- Culture
- 24 Apr 09
Folk fans who are too purist about the genre forget that it’s the flaws that make traditional music so wonderfully distinctive in the first place.
When Bob Dylan whipped out an electric guitar at the Newport Folk Festival people fretted that the world had ended. Why the outrage? Maybe people were angry because they thought Dylan was waggling his thumb at the folk movement.
Folk, you see, isn’t like other kinds of music. To begin with, the artists who make it tend to be super-sincere. For their part, fans are fussy about what folk is and what folk isn’t. In particular, they’ve long been aghast at any hint of electric guitar. Hence, the uproar over Dylan’s new direction at Newport.
But what the folkies were forgetting was that electric guitars had long been integral to the blues scene, folk’s cousin once-removed. Moreover, Dylan had already been gnawing at the boundaries of the genre – lyrically, at least, he had by this stage started to move away from anything that could reasonably be called “folk”.
What Dylan also recognized was the role imperfection plays in great music. “If all instruments reproduced a perfect harmonic spectrum, we would live in a boring world.

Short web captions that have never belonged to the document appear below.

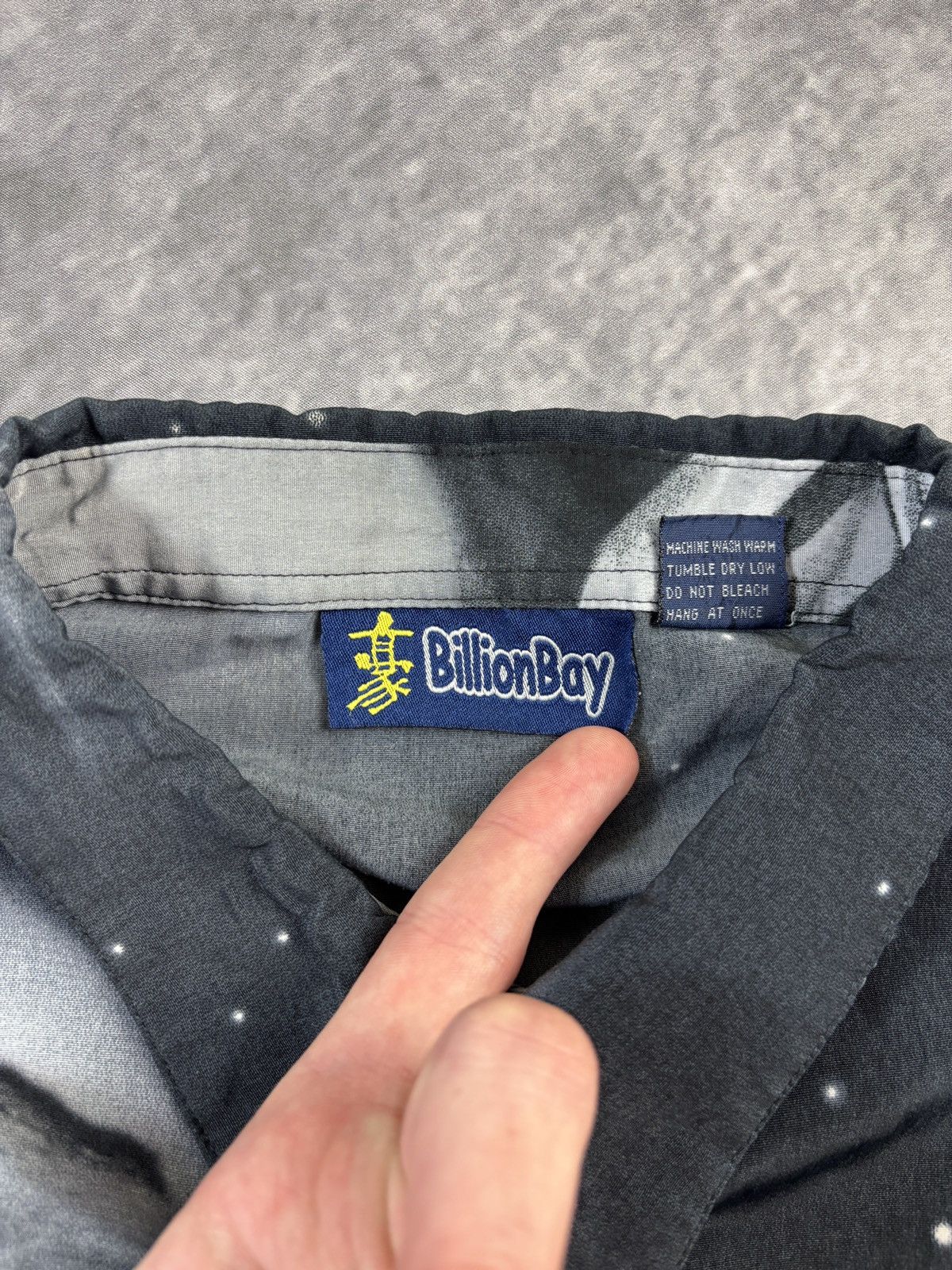 Japanese Brand × Vintage Vintage All Over Print Polo Shortsleeve Anime Edgy Y2K XL Size US XXL / EU 58 / 5 - 4 Thumbnail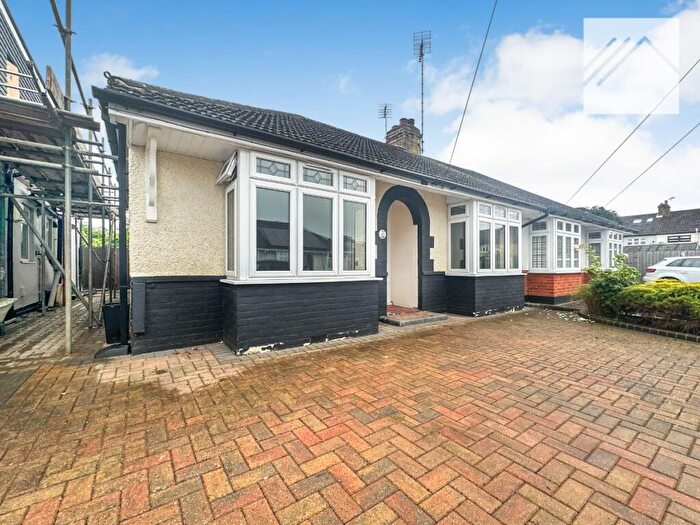 3 Bedroom Bungalow To Rent In Oak Glen, Hornchurch, RM11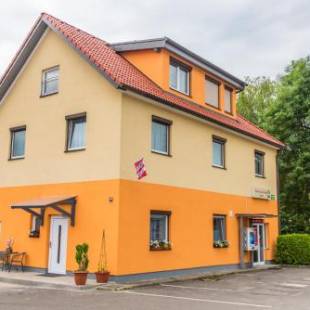 Фотографии мини отеля
Ferienwohnungen und Zimmer Yassi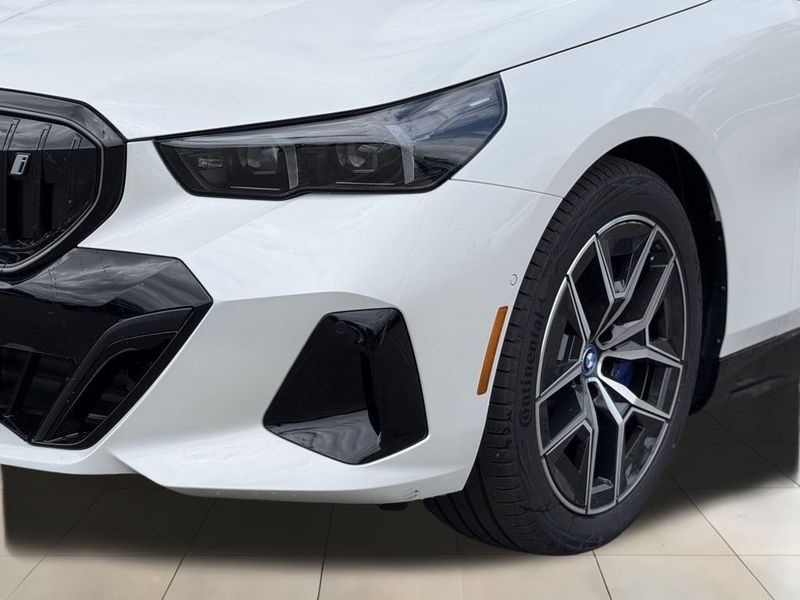 2025 BMW i5 eDrive40Image 11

Sound means imperfection, and this imperfection is the beauty of musical instruments.” So said Bill Lawrence, long-time guitar and pickup designer at Fender. To an extent, however, Lawrence was merely scratching the surface. If you accept that imperfection has a place in the songwriting process, you are opening yourself to a lot of very interesting music. Underpinning much of the late-‘50s and early ‘60s folk boom, for example, was a notion that music could sway the world.
Thus, the squawky and “disarticulate” folk music that can be heard on the field recordings made by Alan Lomax and other collectors is given a civilising sheen in the folk music of the early ‘60s.
Folk music’s near obsession with how it is delivered dates back to this period. Technique started to acquire a reverential glow. Writing about Nick Drake, Joe Boyd marvels at the way he never seemed to fluff a note, each string perfectly struck, each hammer-on perfectly executed. Personally, I’ve always preferred a bit of dirt under the fingernails to that glassy perfectionism.
In the present day, there’s still a clear divide between folk traditionalists on the one hand, who continue to hanker after an idyllic world and the so-called "anti-folk" performers on the other who see the world in a more acerbic light. Sometimes, as in the case of a Jinx Lennon or an Acoustic Dan, their socialist-realist songwriting is underpinned by a rich layer of black humour – a quality that draws as much on English folk as on the American version. No wonder Lennon's latest album reminded me of nothing so much as The Fall, last of the great punk bands and always the group most likely to be writing about what was going on in your area, what was up on your street. Thirty odd years into his career Mark E. Smith still has the spleen to write a song like ‘Strange Town’, one of the most cogent portraits of modern existence in any ordinary community. Lennon really is merely following in the same tradition.
Such politics with a small ‘p’ contrasts with the idealism still evident in the likes of Neil Young, who continues to rail against social ills on a mass scale. I guess that what I'm ultimately trying to say is that, in order to communicate with people. folk needs to concentrate on its underlying message rather than falling into the Nick Drake trap of confusing style for substance. Let's hope the next generation of folk heroes stay true to this tradition.